Я успел отбежать метров на пятьдесят, когда внизу грохнул взрыв и полыхнуло пламя. А я продолжал погонять время.
Электричка, такси домой к Рыжей, звонок из автомата Полине; вызвонили Валькину подружку — присматривать за детьми, а сами на такси — в Институт. Валька, в смысле вопросов, не возникала, раз надо по делу, значит, надо.
У Полины все было готово. Я вручил ей проклятый ссохшийся кусок пальца, завернутый в носовой платок, и пошли обычные процедуры: глюкоза и витамины, трансфер-камеры, гипнофон. Валька улеглась на каталку без страха, и у меня тоже не было опасений, ибо единственное неизменное, что я вынес из общения с Полиной, — она действительно не умела врать.
Отпустила она нас под утро. Все еще относясь к сеансам с опаской, я первым делом взглянул на Рыжую — с ней вроде все в порядке: какая была, такая осталась, только маленько приморенная. Теперь следовало посмотреть на себя. Зеркал в Институте не держали, и я воспользовался защитным экраном монитора. С его темного фона глянул похожий на меня человек, но не я и на несколько лет моложе. Никаких уродств и, вообще, странностей с виду заметно не было.
Полина, как и мы, явно нуждалась в отдыхе.
— Не делай публикаций Кроту и Амвросию, — попросил я перед уходом, — насчет моей внешности… что фейс у меня подновился. Чтобы не дошло до Порфирия… А контактировать с ними буду по телефону. Так безопаснее.
В ответ она слабо кивнула.
— Ну, как я тебе? — спросил я у Вальки в такси, повторив невольно вопрос, заданный мне однажды Философом. — Признала?
— Ничего, привыкну, — склонив голову мне на плечо, она расслабилась и слегка обмякла, — но это хорошо, что при мне было. Если бы ты в таком виде пришел с улицы, могла бы засомневаться. — Несмотря на усталость, рассудительности она не потеряла.
Дома она покормила детей и немедленно вырубилась, а я, проводив Валькину подружку — ее ждали свои дети, подошел в ванной к зеркалу. Надо же поглядеть, что мне, в смысле фейса, досталось. Не красавец, конечно, но и не хуже, чем было, зато лет на пять моложе. Сходство с прежним лицом имелось и, пожалуй, немалое, но судебное опознание не проканало бы. Да и не будет его, этого опознания. Особых примет нет, на руках все пальцы на месте, и вообще руки как новенькие. Кожа мягкая, розовая, как у девицы. Ничего, огрубеть успеем, это дело нехитрое. Так что оставалось одно, на чем можно было меня подловить: дактилоскопия. Отпечатки-то и в Угро хранятся, и у Барельефа — так принято. Я внимательно стал рассматривать подушечки пальцев: мне казалось, и они изменились. На большом пальце раньше был характерный двойной завиток, а сейчас он вроде исчез.
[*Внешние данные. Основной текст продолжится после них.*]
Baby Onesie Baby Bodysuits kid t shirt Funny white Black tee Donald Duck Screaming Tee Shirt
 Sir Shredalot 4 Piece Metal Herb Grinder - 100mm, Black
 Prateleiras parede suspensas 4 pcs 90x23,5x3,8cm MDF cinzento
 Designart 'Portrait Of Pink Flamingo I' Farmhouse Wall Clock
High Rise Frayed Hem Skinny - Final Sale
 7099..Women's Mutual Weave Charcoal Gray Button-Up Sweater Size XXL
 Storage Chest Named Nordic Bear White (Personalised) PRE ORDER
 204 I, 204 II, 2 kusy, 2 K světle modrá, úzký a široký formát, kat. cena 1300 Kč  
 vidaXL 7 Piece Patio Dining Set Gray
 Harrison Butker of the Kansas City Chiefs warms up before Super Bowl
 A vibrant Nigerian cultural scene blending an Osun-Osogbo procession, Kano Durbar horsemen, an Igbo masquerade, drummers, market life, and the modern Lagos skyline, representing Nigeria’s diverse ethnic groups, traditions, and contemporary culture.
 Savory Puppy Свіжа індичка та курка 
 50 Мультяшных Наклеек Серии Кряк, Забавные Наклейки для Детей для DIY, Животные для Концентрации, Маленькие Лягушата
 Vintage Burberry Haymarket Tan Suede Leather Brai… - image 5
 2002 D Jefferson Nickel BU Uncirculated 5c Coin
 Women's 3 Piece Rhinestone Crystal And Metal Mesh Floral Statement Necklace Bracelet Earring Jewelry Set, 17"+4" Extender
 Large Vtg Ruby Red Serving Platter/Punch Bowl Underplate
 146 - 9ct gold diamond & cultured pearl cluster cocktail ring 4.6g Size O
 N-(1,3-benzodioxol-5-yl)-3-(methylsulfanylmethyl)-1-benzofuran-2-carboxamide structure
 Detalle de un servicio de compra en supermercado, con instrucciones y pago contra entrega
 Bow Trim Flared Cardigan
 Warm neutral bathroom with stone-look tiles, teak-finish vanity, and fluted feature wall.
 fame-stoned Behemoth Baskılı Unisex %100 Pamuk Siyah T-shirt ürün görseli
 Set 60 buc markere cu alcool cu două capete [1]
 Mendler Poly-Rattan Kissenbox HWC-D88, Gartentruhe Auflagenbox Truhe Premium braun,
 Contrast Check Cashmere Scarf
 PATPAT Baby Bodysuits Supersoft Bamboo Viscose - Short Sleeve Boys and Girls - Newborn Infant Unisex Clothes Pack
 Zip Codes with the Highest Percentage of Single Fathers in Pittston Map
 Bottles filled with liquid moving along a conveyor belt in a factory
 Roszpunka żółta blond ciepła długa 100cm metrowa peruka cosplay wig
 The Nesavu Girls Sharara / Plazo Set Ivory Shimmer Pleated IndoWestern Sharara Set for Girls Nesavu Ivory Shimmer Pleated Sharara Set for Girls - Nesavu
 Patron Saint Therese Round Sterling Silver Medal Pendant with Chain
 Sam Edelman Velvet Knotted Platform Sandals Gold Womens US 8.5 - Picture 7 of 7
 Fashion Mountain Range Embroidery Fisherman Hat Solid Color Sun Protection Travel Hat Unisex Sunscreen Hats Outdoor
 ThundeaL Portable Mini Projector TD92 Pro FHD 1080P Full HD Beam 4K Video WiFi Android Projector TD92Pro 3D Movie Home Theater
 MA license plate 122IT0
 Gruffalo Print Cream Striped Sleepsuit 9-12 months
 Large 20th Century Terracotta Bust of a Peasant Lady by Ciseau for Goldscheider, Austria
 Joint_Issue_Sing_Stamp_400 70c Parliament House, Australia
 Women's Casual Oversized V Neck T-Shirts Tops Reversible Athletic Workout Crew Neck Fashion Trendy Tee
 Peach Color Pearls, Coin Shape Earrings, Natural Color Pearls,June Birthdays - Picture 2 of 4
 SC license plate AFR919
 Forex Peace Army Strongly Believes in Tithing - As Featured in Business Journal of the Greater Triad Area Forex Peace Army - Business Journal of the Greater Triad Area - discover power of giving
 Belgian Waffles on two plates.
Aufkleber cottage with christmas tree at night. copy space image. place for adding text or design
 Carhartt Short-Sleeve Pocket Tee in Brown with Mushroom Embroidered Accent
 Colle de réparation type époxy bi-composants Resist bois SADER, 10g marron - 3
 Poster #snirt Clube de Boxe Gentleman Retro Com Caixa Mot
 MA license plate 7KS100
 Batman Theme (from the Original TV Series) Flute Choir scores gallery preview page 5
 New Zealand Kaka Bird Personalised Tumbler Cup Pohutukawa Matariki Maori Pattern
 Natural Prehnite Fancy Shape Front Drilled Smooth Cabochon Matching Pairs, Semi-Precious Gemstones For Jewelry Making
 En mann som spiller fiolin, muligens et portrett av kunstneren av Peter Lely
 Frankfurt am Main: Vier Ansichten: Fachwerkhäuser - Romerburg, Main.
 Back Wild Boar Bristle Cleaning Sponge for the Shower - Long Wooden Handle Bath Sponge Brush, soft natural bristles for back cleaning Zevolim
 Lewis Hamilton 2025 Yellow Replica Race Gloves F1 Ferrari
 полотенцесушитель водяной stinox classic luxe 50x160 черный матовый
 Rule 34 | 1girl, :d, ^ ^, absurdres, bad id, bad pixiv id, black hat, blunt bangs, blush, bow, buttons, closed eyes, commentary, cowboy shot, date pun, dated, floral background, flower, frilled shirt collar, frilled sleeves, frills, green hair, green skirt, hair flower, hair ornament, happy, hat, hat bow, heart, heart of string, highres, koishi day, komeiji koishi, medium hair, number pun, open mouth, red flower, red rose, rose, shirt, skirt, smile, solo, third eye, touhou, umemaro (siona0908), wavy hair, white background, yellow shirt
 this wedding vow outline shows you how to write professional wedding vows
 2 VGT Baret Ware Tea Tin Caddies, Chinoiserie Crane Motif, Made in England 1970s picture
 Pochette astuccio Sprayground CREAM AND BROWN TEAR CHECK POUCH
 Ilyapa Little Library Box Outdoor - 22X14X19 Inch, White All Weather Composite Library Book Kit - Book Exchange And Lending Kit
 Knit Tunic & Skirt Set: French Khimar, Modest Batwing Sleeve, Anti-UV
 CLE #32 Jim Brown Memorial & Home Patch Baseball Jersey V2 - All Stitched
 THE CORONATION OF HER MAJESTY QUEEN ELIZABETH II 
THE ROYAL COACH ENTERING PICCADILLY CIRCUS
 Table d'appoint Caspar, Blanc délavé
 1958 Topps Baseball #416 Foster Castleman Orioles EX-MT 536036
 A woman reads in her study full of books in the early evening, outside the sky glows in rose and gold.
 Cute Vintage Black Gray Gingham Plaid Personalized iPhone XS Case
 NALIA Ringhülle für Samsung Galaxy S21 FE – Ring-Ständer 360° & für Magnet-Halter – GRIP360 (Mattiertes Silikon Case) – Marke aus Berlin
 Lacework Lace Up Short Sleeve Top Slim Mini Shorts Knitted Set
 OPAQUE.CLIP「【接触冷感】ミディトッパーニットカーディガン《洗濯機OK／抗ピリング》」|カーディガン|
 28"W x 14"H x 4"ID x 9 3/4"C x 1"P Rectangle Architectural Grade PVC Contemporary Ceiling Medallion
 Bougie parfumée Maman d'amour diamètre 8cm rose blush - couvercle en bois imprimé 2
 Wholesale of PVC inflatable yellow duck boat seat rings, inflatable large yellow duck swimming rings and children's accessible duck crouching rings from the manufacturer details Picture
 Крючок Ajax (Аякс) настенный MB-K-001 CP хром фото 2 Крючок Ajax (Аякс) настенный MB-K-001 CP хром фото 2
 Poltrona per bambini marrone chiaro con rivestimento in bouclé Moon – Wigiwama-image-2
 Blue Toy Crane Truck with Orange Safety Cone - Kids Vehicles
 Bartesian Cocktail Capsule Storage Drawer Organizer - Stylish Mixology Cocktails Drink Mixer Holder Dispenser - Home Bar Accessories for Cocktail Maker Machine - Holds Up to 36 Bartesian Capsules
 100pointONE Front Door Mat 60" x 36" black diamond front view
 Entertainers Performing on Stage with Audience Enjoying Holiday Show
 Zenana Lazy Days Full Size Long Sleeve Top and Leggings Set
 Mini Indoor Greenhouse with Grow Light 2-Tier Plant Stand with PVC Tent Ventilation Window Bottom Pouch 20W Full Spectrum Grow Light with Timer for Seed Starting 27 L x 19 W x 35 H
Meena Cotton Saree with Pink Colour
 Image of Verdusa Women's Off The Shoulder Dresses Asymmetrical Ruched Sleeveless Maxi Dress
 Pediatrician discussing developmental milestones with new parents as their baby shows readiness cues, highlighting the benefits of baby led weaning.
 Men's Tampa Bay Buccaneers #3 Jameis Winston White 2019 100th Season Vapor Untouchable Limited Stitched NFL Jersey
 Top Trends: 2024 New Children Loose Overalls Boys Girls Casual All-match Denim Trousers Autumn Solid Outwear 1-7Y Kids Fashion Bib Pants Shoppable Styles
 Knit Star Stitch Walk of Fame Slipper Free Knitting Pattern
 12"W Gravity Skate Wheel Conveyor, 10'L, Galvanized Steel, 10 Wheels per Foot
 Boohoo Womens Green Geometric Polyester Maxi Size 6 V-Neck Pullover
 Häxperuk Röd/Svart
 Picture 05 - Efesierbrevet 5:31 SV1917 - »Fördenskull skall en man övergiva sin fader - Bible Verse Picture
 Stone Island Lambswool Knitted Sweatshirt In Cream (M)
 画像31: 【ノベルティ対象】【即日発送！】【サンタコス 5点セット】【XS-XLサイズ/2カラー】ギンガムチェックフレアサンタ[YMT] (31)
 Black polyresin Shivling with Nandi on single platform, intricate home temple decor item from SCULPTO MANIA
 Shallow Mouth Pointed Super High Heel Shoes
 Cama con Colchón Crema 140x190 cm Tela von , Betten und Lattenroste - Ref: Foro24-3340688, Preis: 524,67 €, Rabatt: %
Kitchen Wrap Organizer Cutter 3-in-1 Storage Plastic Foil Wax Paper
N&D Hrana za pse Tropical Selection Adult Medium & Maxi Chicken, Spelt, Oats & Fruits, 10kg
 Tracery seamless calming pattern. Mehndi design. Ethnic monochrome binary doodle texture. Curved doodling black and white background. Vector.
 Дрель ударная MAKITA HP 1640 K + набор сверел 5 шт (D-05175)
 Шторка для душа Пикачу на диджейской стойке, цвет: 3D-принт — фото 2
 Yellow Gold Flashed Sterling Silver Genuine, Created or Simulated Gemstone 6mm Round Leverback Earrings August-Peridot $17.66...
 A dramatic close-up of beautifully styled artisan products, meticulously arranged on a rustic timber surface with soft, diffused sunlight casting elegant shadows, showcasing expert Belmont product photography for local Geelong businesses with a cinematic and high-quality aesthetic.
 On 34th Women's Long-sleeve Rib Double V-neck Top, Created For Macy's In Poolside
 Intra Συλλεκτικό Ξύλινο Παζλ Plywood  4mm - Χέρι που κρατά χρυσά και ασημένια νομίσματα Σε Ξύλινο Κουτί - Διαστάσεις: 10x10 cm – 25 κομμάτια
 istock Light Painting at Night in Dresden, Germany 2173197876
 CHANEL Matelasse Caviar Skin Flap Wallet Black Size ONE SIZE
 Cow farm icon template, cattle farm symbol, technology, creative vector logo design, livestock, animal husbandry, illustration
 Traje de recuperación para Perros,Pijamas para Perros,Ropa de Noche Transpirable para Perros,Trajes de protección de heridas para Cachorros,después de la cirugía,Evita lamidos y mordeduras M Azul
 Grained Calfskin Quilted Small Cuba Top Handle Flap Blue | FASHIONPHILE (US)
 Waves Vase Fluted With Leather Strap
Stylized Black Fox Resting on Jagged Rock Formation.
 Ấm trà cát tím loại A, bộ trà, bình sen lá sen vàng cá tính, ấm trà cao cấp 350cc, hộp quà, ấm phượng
Я не поленился снять пальцы с чашки, из которой пил вечером кофе, — это были уже не мои отпечатки. Ну что же… можно считать, получил премию. Ай да Полина… И тут я понял, что есть результат поважней отпечатков: этот самый синдром, о котором она мне толковала когда-то, а по-простому — докторишка, зануда, исчез. Никто больше внутри не зудел, и нет причин чувствовать себя недоноском.